D-- has just returned from Australia about six weeks ago, and arrived in town for a visit on Monday night. We had planned a lazy four days on the beach over Thanksgiving, but at the last minute my soul mate realized she would have to work on Friday, so everyone elected to leave Friday afternoon, instead.
Being in town for the holiday, we had dual celebrations with family, and while attending the first I drew a map to guide V-- and J-- to the Outer Dune if they left early. This caused enough distraction that before we were through my 90-year old mother announced her intentions to go with us on a spring excursion, something I have wished she would do for a very long time.
Against a backdrop of two successful Thanksgiving celebrations we prepare for a Friday departure.

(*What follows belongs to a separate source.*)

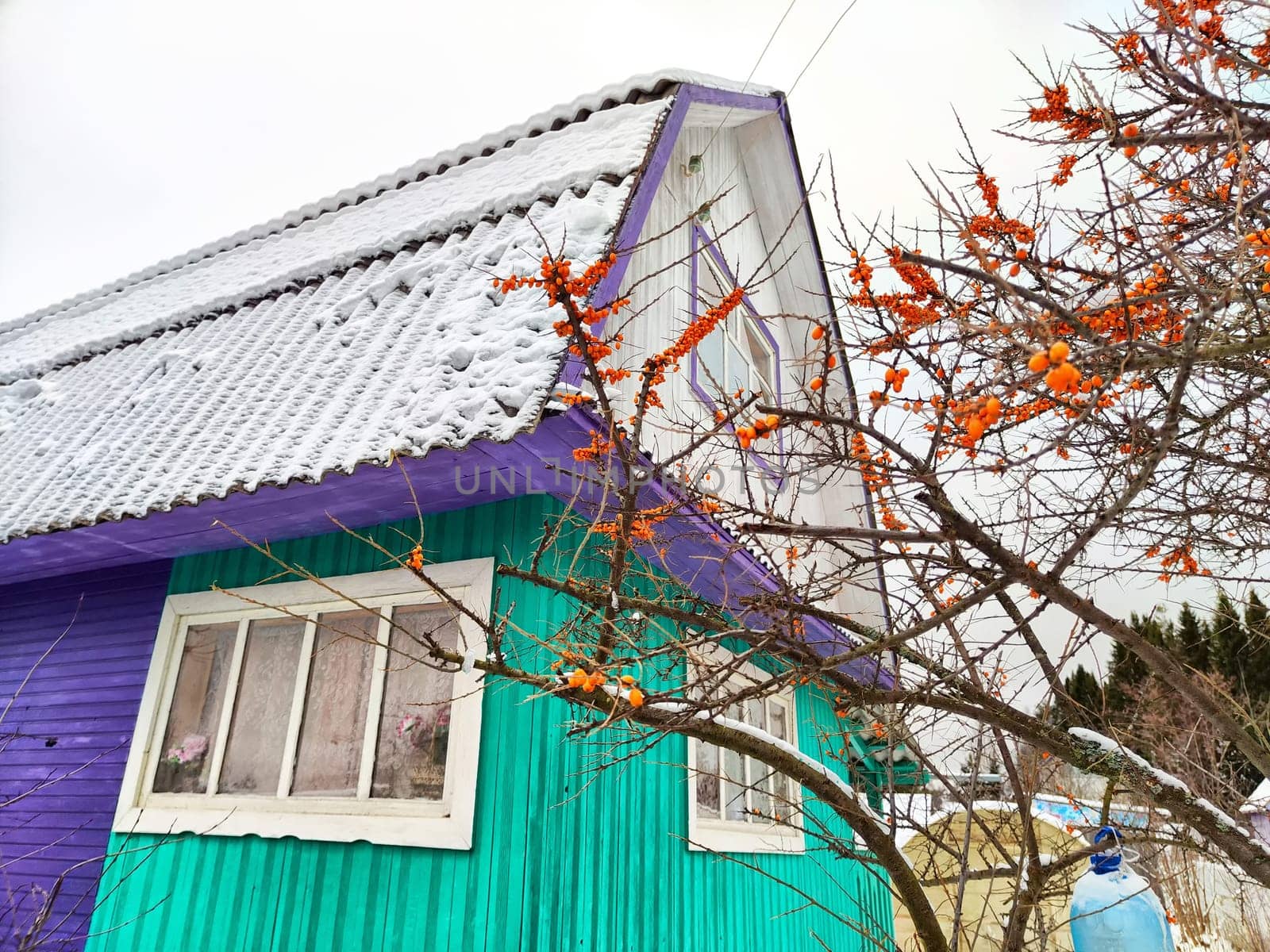 A cozy cottage with a vivid turquoise and purple exterior surrounded by snow and bright mountain ash berries under gray sky.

Me--, D--'s friend, flies in about 11:00 am, and they and V-- & J-- depart for the playa around 1:30 pm with the detailed map I provided. I pick up gas, ice, and my soul mate, but due largely to the rush hour we don't actually leave town until about 5:30 pm.
The gruesome foursome, loaded somehow with a complete compliment of fully self-sufficient camping regalia in addition to themselves, clear immigration around 5:30 pm and arrive to use the home-made map of the unimproved roads mostly in the dark. It's touch-and-go for a few moments while they're looking for the blue gate, for which I had understated the distance by 0.4 mile. There is a chorus of groans when the fence disappears, but a celebratory shout when it reappears, prominently featuring the blue gate. Although the portion of the journey labeled "straight road" does have two or three turns, these do not appear to be important to the directions, and the party reaches the playa in high fashion around 8:00 pm.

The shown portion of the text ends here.